My initial disappointment at this book was the standard trade in racial stereotypes. The Malaysian Chinese man was so racist and thought in such stereotypical “old” chinese lines as to be a caricature; the Japanese girl is genetically designed to be subservient, obedient, and enjoy sex even when it is rape – she moves with strange, awkward movements and attracts and repulses foreigners; and the Thais are all lazy and corrupt (bar one). Everyone distrusts every other race and everyone follows their own racial tropes. But in a rare achievement for any book of any genre, the characters quite quickly begin to overcome supposedly powerful racial and cultural traits, becoming instead well-rounded and interesting individuals whose personality reflects their cultural background without being overwhelmed by it. The Malaysian Chinese refugee, initially quite a detestable character, is portrayed (I think) quite sensitively in the light of the traumatic events of his flight from Malaysia and his new-found paranoia and trauma, and his behaviour becomes increasingly understandable as the story progresses. The Windup Girl’s continuing battle against her genetically-designed instinct to serve makes her a strong and interesting character, even in the face of her obvious personal weaknesses; and the Thai characters very quickly differentiate themselves from a common mass of corrupt and lazy “Asians” to become a society who, despite their many flaws, survive proudly where all around them have collapsed.

This book also does something which I am disappointed to say is very rare in science fiction: it attempts to portray a post-global warming, post-peak oil world. We know these things are coming to us, and although we don’t necessarily expect them to be catastrophic (as this book portrays them) they nonetheless make excellent fields of inquiry for speculative fiction, but they’re sadly rather thin on the ground. Why is this? It seems like a woeful dereliction of duty by the speculative fiction world to have not bothered to create such settings. It’s not as if Sci-fi hasn’t concerned itself with post-apocalyptic stories, so why doesn’t it make more effort with post-semi apocalypses? I would have thought that even if one rejects the claims of climate scientists, it still makes a very interesting world to explore. But there seem to be precious few. This book does a really good job of portraying the kind of world one might imagine would arise after the end of oil, as well as the consequences of a general biodiversity catastrophe, an interesting challenge to think about. Even though at its heart the spring-driven energy storage concepts described in the novel are completely unrealistic, and the calorie economy probably overly optimistic (modern agriculture turns oil into calories, and is unlikely to survive peak oil), the presentation is believable and sets up an interesting set of constraints and demands for the characters to work within. The concept of a seedbank as a treasure worth destroying nations for (as is implied happened in Finland) is a very nice touch, for example.

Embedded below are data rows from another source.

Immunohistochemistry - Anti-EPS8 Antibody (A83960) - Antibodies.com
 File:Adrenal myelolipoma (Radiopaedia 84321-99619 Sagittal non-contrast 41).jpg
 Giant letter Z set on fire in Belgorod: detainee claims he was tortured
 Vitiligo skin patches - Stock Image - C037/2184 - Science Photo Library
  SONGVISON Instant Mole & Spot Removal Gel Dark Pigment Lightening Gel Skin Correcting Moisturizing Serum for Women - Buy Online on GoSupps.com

This book also has a tight plot and a really good way of merging a couple of different stories together. My only complaint about the plot is that ultimately the thread involving the foreign businessman seemed strangely unnecessary (except for its role in an important coincidence) and it could probably have been made more relevant in the final third of the book with a few minor plot tweaks. There were also a few unnecessary sidelines involving the Environment Ministry workers, which could have been cut out I think. But besides that, the plot was tight, believable, exciting and tense. It reminded me in many ways of a good Neal Stephenson book without the sudden collapse at the ending, and where everything comes together well instead of looking all a bit confused and wayward.

This book is, overall, an excellent read, with a believable post-apocalyptic world with a really interesting back history, engaging characters who you really come to feel for, in an exotic and novel setting where everyone plays for very high stakes. Well worth trying out, even if you don’t think environmental apocalypse is on the cards, or aren’t that interested in Asian settings.